A frequency distribution shows how often each different value in a set of data occurs. A histogram is the most commonly used graph to show frequency distributions and can be a great first step in understanding a dataset.
data = np.random.randn(1000)
plt.style.use('ggplot') # customize the chart style
plt.hist(data)
fig,(ax1,ax2) = plt.subplots(1,2,figsize=(20,6))
ax1.hist(data, alpha=0.5, bins=50,label ='bins: 50',color = 'r')
ax1.legend()
ax2.hist(data, alpha=0.5, bins=200, label = 'bins: 100',color = 'r')
ax2.legend()
plt.suptitle('Histogram Chart in different bins')
The normal distribution is balanced and beautiful. However, In real life, sometimes it does not follow the law. For example, in the credit card case, while the vast majority of transactions are very low, this distribution is extremely skewed.
Let's use the "tips" dataset as an example.

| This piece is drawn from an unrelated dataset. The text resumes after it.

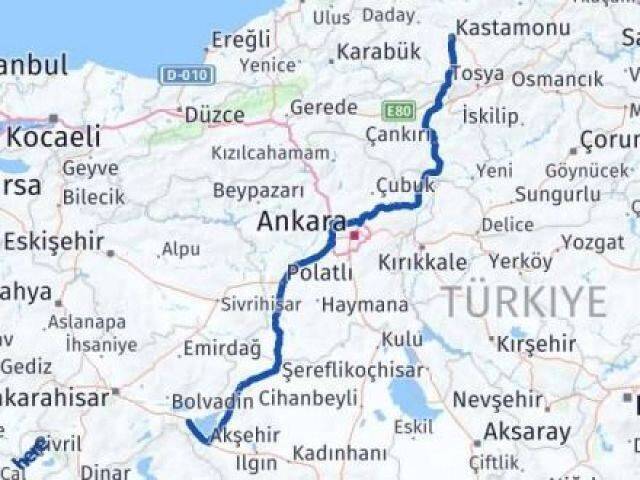 Kastamonu Sultandağı Afyonkarahisar Arası Kaç Km - Yol Haritası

You can download it here, or load it via seaborn package.
import seaborn as sns
tips = sns.load_dataset('tips')
If you are the owner of a restaurant, of course, you may have a fist of things that want to know about your business. For instance, how much money can I earn per day? What price zone can make my customer happy and also make me happy? If you are the waiter or waitress, you probably care about a very similar question. How many tips can I earn per table?
plt.rcParams.update({'font.size': 20}) # customize the font size
# create a subplot includes one row and two columns, the two itmes share y_axis
fig, (ax1, ax2) = plt.subplots(1, 2, sharey = True, figsize = (12,6))

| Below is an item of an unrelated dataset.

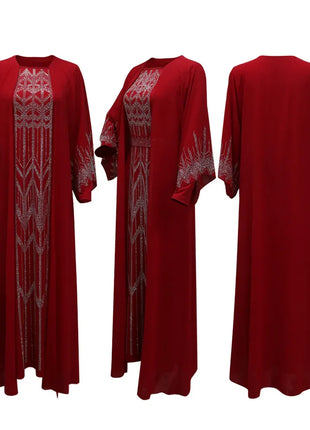 2024 Dubai Abaya Autumn Fashion Muslim Long Sleeve V-neck Party Evening Maxi Dress Kaftan clothes for Muslim Dress Women Outfits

ax1.hist(df.tip,color ='c',alpha =0.5) # customize color
ax1.set_title('Tips Distribution') # set title separately
ax2.hist(df.total_bill,color = 'b',alpha =0.5)

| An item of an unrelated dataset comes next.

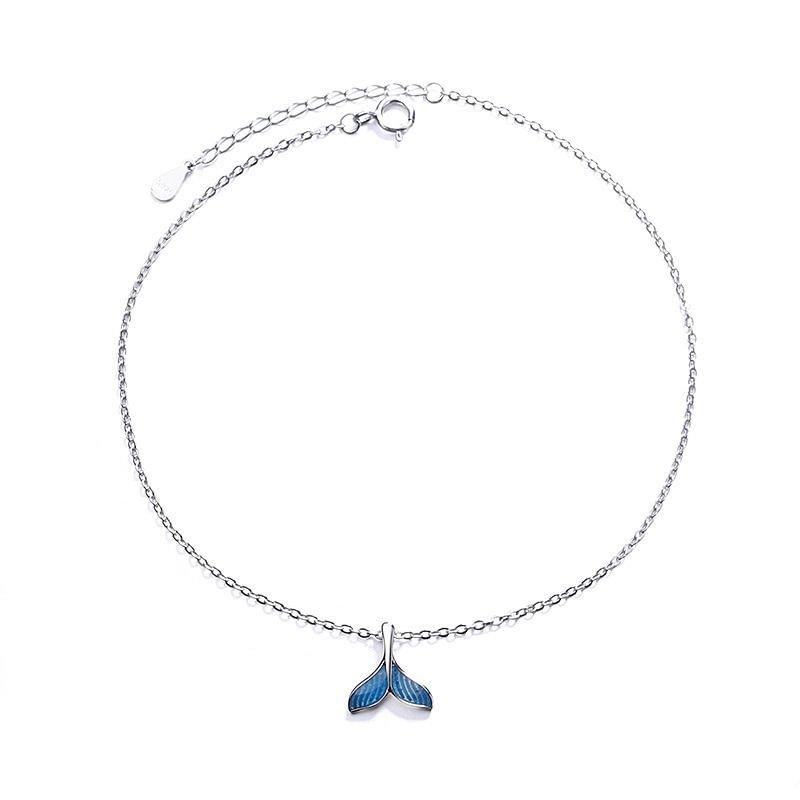 Blue Fishtail S925 Sterling Silver Anklet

ax2.set_title('Bills Distribution')
ax1.set_ylabel('Frequency') # set the y_axis name
ax1.set_xlabel('USD') # set the x_axis name
With the histogram plot, questions can be answered easily. A waiter/waitress may earn 2 - 4 dollars per table, sometime you may have the good luck to earn 6 dollars a table. While the restaurant's price is very customer friendly, a nice meal only costs 15 - 25 dollars.